According to one House Armed Services Committee staffer’s take on the selections of House Speaker John Boehner (R-Ohio), the super committee will focus on entitlements, reported the Hill newspaper. “And that is entirely appropriate since there are no more savings possible in the DOD budget,” the aide said.
Defense supporters also are pinning their hopes on two members from the Senate — Patty Murray (D-Wash.) and Jon Kyl (R-Ariz.). They note that Murray is a strong advocate for Boeing and Kyl is a backer of Raytheon due to the presence of those defense manufacturers in their states.
Still, the largest risk to Pentagon spending lies in the likelihood that the committee deadlocks and the automatic spending cuts go into effect. That outcome is more likely than not, Bob Bixby, executive director of the Concord Coalition, told GovernmentExecutive.com.
Three of the committee members — Sen.
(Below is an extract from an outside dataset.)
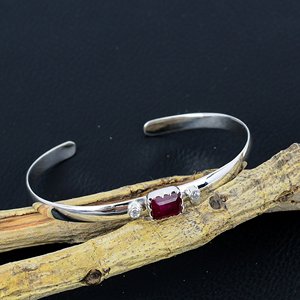 Bracelet artisanal pour femme en argent sterling 925 massif avec rubis facettés, forme octogonale, idéal pour mariage - Product Image 4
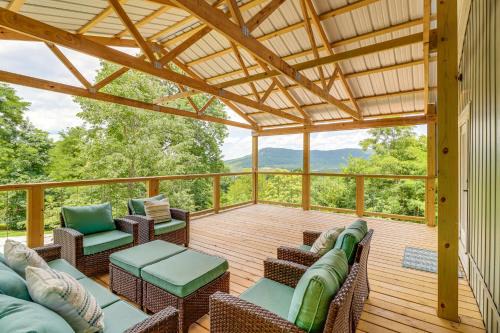 Views on 12 Acres: Ozark Mountain Cabin!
Max Baucus (D-Mont.), Rep. Jeb Hensarling (R-Texas) and Rep. Dave Camp (R-Mich.) — all served on the Simpson-Bowles commission created by the president, but voted against its plan to reduce the deficit through a combination of spending cuts and tax increases, Bixby pointed out. A fourth member, Rep. Xavier Becerra (D-Calif.), named after Bixby was interviewed, also voted against the Simpson-Bowles commission’s $4 trillion deficit reduction plan, reported CQ Today.